Prompt »
Look below for the line holding "Super Bodies Fitness" and the line holding "Recept: (Tiro)pita!?". Repeat those two and everything between, exactly.
-=-=-
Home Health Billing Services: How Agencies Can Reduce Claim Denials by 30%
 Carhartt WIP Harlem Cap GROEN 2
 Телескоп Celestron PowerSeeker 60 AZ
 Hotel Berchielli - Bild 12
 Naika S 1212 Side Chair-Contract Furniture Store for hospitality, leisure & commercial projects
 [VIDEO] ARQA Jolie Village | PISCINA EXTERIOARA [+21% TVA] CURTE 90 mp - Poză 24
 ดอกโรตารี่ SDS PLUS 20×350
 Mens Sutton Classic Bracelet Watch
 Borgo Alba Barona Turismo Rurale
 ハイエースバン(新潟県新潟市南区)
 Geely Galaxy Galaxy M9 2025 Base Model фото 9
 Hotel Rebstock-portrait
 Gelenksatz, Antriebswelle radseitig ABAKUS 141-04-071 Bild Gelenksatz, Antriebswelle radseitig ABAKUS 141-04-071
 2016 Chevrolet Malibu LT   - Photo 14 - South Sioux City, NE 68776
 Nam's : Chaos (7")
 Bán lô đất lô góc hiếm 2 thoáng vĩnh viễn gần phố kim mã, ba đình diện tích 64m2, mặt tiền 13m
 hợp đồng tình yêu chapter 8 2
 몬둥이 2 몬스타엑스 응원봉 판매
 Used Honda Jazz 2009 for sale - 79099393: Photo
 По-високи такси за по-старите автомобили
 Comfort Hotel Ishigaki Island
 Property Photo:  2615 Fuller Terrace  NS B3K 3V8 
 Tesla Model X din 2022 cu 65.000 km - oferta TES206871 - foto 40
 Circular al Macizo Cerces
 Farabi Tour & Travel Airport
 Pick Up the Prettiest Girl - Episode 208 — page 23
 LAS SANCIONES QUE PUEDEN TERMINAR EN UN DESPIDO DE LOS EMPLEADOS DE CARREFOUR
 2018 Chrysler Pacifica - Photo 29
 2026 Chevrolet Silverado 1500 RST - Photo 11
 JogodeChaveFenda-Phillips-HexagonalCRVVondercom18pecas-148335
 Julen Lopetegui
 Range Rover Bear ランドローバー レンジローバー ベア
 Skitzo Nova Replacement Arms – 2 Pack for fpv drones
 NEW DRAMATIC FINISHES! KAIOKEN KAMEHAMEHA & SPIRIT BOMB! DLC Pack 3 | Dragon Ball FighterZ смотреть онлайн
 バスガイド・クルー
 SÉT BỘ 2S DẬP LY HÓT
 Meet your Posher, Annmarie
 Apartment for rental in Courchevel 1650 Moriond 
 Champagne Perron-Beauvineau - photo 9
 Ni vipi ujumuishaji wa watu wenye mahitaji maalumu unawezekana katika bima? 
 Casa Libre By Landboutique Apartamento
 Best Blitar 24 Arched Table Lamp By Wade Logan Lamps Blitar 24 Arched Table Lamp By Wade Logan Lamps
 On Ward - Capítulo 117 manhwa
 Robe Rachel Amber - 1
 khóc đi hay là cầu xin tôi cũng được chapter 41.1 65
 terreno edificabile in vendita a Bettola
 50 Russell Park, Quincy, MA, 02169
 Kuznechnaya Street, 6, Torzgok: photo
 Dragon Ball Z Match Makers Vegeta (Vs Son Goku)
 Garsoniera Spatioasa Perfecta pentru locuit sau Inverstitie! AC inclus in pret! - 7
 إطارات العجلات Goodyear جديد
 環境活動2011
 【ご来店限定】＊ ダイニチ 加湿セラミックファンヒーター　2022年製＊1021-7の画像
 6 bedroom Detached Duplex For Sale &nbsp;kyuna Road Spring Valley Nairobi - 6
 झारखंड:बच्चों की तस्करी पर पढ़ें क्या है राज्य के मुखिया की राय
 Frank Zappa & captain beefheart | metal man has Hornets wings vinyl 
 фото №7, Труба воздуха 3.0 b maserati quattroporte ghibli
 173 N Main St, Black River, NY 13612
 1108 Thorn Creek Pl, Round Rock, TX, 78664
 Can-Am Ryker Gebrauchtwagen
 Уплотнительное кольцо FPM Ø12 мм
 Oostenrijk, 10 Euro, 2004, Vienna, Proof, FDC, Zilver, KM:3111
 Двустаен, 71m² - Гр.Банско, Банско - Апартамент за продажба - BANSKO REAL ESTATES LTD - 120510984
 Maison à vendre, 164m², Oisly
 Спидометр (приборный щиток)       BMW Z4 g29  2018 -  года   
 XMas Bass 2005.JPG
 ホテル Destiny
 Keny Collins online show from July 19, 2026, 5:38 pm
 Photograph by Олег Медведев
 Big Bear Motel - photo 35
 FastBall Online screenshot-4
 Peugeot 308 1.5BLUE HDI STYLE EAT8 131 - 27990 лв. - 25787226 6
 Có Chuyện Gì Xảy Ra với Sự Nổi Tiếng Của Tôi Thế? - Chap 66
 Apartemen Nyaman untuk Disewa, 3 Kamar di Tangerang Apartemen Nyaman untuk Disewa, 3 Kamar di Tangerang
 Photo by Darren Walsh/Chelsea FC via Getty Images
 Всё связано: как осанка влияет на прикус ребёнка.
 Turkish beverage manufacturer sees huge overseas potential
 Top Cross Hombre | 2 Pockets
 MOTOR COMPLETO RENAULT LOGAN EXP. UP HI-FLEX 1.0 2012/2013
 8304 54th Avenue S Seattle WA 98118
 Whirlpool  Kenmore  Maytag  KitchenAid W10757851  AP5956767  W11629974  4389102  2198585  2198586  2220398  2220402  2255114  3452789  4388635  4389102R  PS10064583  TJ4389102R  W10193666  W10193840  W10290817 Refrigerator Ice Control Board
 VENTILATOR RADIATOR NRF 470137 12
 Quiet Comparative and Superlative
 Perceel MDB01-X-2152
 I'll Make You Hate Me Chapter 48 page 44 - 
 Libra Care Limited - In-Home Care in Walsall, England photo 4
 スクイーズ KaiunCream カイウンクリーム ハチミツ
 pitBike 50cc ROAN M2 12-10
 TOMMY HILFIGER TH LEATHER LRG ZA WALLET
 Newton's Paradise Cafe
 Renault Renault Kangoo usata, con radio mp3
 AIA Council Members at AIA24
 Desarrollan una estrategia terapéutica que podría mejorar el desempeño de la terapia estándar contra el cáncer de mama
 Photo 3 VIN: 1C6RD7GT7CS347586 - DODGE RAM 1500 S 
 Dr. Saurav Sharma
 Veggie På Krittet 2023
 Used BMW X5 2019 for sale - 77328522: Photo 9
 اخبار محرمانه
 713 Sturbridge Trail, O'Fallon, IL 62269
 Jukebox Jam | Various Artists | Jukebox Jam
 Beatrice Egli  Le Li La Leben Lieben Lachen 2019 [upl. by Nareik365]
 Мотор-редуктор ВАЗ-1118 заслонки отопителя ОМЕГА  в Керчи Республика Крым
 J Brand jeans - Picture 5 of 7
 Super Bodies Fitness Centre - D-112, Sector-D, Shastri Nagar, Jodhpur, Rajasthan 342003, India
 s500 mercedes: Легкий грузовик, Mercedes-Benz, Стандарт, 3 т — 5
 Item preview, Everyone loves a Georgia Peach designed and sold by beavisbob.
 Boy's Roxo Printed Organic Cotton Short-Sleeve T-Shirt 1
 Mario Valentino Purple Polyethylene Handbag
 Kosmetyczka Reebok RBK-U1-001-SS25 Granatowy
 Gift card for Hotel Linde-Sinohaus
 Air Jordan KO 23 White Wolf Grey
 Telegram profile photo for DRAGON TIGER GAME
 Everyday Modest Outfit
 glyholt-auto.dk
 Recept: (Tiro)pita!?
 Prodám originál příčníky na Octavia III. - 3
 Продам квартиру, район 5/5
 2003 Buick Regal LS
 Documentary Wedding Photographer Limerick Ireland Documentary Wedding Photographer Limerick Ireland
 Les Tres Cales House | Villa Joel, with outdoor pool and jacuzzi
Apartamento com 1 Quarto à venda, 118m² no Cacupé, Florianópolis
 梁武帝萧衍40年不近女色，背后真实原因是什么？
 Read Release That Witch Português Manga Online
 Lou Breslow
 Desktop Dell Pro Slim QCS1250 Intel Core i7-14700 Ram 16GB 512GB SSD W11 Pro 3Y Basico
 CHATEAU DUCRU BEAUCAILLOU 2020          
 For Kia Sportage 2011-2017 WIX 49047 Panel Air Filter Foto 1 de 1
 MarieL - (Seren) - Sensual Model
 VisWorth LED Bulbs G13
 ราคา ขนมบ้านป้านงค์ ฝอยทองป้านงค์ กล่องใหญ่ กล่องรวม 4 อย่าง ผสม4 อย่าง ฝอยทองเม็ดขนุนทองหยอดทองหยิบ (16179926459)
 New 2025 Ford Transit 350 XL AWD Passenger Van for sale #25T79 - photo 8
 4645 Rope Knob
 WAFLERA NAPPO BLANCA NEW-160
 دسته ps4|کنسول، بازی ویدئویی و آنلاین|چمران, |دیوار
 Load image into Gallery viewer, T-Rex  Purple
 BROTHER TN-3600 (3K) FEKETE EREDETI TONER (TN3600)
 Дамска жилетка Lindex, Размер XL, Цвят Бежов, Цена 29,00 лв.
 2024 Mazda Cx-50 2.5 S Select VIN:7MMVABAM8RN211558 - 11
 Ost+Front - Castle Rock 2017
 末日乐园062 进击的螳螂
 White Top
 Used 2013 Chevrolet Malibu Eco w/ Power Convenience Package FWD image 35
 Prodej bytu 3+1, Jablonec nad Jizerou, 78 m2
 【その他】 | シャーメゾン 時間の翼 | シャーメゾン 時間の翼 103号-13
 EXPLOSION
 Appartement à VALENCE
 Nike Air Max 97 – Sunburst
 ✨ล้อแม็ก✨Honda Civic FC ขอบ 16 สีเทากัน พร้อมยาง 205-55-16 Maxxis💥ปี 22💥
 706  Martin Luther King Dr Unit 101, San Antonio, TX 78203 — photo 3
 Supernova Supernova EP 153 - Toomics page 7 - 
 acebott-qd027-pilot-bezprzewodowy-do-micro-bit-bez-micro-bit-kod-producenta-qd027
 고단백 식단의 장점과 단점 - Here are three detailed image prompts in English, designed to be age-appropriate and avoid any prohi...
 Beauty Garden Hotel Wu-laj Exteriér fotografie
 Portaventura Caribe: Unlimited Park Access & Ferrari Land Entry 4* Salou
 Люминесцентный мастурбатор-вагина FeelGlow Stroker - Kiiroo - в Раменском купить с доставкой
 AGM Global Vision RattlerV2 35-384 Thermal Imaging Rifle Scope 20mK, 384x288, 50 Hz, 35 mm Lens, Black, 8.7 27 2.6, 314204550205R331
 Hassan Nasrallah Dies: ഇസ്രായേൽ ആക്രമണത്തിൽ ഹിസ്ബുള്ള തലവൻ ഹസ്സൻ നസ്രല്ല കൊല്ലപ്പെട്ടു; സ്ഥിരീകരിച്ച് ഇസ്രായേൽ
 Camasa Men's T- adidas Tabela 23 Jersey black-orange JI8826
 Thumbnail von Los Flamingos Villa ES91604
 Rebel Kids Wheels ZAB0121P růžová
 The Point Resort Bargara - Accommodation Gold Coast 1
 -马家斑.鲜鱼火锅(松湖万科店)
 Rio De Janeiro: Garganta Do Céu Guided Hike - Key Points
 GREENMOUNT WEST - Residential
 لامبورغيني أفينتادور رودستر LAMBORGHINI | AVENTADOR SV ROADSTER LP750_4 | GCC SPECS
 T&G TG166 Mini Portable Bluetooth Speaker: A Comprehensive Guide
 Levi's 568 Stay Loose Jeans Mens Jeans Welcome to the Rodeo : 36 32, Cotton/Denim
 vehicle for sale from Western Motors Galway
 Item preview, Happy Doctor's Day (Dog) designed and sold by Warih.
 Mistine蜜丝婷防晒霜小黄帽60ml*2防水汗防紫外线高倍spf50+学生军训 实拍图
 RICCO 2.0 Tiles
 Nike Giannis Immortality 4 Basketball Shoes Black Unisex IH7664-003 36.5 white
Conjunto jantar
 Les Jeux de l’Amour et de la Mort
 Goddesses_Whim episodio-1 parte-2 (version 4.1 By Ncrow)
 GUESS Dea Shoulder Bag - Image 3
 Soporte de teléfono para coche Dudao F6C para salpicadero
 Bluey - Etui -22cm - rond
-=-=-
Result of this exercise »
 Super Bodies Fitness Centre - D-112, Sector-D, Shastri Nagar, Jodhpur, Rajasthan 342003, India
 s500 mercedes: Легкий грузовик, Mercedes-Benz, Стандарт, 3 т — 5
 Item preview, Everyone loves a Georgia Peach designed and sold by beavisbob.
 Boy's Roxo Printed Organic Cotton Short-Sleeve T-Shirt 1
 Mario Valentino Purple Polyethylene Handbag
 Kosmetyczka Reebok RBK-U1-001-SS25 Granatowy
 Gift card for Hotel Linde-Sinohaus
 Air Jordan KO 23 White Wolf Grey
 Telegram profile photo for DRAGON TIGER GAME
 Everyday Modest Outfit
 glyholt-auto.dk
 Recept: (Tiro)pita!?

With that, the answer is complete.